Fue entonces cuando su pareja de aquel momento, Clara Lago, le hizo una sugerencia que, según dice, le cambió la vida: ir a terapia. En su primera sesión, su terapeuta fue directo: «Denoto en ti una enorme tristeza». Aquellas palabras, lejos de incomodarlo, le abrieron una puerta a una comprensión más profunda: lo que estaba experimentando era una especie de duelo simbólico. El duelo por haber perdido algo tan simple (y tan valioso) como su anonimato.

«No podía ir a recoger a mis sobrinos al cole, ni pasar un día tranquilo bajo la sombrilla en Málaga», lamenta. Se sentía observado, señalado, convertido en un personaje público sin haber elegido serlo de ese modo. «Me sentía como un Pokémon de oro. Ponía un pie en la calle y ya estaba todo el mundo pendiente», recuerda.

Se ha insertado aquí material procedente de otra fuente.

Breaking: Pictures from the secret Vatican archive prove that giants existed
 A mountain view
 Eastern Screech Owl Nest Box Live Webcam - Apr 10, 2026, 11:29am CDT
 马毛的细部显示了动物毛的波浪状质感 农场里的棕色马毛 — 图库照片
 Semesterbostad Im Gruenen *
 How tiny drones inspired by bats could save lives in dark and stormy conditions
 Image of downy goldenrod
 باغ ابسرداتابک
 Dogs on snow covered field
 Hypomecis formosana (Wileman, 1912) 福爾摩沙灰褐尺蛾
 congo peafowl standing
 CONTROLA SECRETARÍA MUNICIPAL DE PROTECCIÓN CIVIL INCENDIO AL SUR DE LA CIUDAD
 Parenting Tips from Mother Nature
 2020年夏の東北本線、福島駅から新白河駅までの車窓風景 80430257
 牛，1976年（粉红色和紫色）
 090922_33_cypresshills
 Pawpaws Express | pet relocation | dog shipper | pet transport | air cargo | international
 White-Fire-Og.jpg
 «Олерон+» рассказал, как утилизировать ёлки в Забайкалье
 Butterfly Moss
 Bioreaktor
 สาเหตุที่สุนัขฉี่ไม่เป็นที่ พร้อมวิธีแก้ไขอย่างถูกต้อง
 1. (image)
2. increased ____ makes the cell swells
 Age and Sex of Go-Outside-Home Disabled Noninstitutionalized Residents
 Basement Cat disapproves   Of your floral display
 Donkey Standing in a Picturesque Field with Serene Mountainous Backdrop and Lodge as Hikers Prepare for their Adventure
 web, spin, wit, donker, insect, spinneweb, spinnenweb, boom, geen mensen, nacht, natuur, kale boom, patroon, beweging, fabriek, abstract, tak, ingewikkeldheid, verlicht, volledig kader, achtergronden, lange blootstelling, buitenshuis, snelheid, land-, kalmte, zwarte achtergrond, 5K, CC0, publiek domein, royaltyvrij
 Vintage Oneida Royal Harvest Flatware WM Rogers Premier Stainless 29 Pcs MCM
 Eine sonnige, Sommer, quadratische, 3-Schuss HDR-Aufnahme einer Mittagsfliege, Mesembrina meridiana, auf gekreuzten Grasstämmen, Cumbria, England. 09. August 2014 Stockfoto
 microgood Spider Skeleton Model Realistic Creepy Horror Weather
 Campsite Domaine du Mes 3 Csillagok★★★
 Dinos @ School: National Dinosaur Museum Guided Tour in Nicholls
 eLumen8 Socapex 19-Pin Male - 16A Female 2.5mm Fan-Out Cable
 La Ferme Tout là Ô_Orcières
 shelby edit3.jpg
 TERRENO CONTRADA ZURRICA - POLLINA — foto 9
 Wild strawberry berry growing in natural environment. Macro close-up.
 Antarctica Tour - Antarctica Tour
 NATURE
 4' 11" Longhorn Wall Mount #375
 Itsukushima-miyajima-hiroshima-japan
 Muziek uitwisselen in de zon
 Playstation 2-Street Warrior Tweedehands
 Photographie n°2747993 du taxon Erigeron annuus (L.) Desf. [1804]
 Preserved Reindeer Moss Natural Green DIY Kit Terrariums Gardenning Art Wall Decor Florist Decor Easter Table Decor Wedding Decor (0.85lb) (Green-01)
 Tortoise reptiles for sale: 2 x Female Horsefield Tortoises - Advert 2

Once años después: herramientas, calma y otra forma de éxito
Han pasado once años desde aquel punto de inflexión. Rovira ha aprendido a proteger su espacio personal y a convivir con las luces del foco sin que lo deslumbren. «Ahora la espuma ha bajado, y no sabéis cuánto lo agradezco», dice con sinceridad. Se ha refugiado en su casa, en su gente, y en una comedia más íntima y sanadora, como la que ofrece en Vale la pena, donde el humor y la vulnerabilidad conviven sin contradicciones.
Rovira, que también ha superado un cáncer en estos años, no busca ya el éxito medido en cifras, sino en bienestar. La historia que parecía una comedia perfecta escondía una cara amarga que hoy el propio actor expone sin filtros. Porque, como él mismo resume en su monólogo, «a veces hay que tocar fondo para saber qué vale la pena de verdad».